I have a huge matrix (395,706 rows * 2689 columns) containing numeric values. I need to convert this to a data frame (tibble) for downstream analysis. What I'm currently trying to do this is

my_data %<>% as_tibble(rownames = "id")

But this takes extremely long (I waited for more than 2 hours and it is still running). Is there any faster alternative way to do this?

Tibbles can only have one format (i.e. character), while data frames let you have many types you can edit with mutate().

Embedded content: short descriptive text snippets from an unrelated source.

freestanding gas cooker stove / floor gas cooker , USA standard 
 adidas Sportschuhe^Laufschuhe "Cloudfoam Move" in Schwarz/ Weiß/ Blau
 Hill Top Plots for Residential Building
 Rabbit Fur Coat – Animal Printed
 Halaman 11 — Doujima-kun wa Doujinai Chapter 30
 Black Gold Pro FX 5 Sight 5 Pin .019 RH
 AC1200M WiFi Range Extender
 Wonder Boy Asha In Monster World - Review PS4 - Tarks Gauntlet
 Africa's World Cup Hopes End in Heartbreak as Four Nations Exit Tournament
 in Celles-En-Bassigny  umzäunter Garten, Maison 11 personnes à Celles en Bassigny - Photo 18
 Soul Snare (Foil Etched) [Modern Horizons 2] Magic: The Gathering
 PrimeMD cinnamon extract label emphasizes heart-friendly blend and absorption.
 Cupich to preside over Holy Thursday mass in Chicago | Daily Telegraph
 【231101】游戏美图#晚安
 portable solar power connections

As far as I know, a tibble is essentially a data frame with some added features that make working with it easier. Therefore a tibble, like a data frame, can also have many different types of columns (e.g., both a character column and a numeric column) and can be edited with functions in the dplyr package such as mutate(). More information about the tibble can be found at 10 Tibbles | R for Data Science.

I'm afraid this is completely incorrect and should be ignored:

As for the original question, first ask yourself whether you really need to convert the data from a matrix.

If you do, consider using data.table, which is faster and more memory-efficient. However, I don't know how the speed of the initial conversion compares.

2 Likes

Building on @martin.R's reply, data.table works by manipulating objects in-place (in memory), not by making copies, which is how Base R and tidyverse work.

The problem is, with data.table you'll need to adopt a different coding style. If you don't need the heterogeneous data types that data frames and tibbles (and thus tidyverse) accommodate, consider using data.table.

For one intro to data.table see: https://atrebas.github.io/post/2019-03-03-datatable-dplyr/

1 Like

Where is that matrix coming from?

Are you preforming operations on the entire data set all at once?

If not, it might be better to store the "matrix" in a database and only load the data as needed. See https://db.rstudio.com/getting-started/database-queries for some ideas.

1 Like

Thank you for sharing the information. The matrix contains intermediate results from my previous analysis, hence generated in the middle of the R script. Unfortunately I need to access all the columns of the matrix at once for the operation I'm trying to do. Considering the above replies I think the best solution in my case would be to perform the downstream analysis without converting the matrix into tibble, although it means that I would need to script a bunch of "ugly" codes.

This topic was automatically closed 21 days after the last reply. New replies are no longer allowed.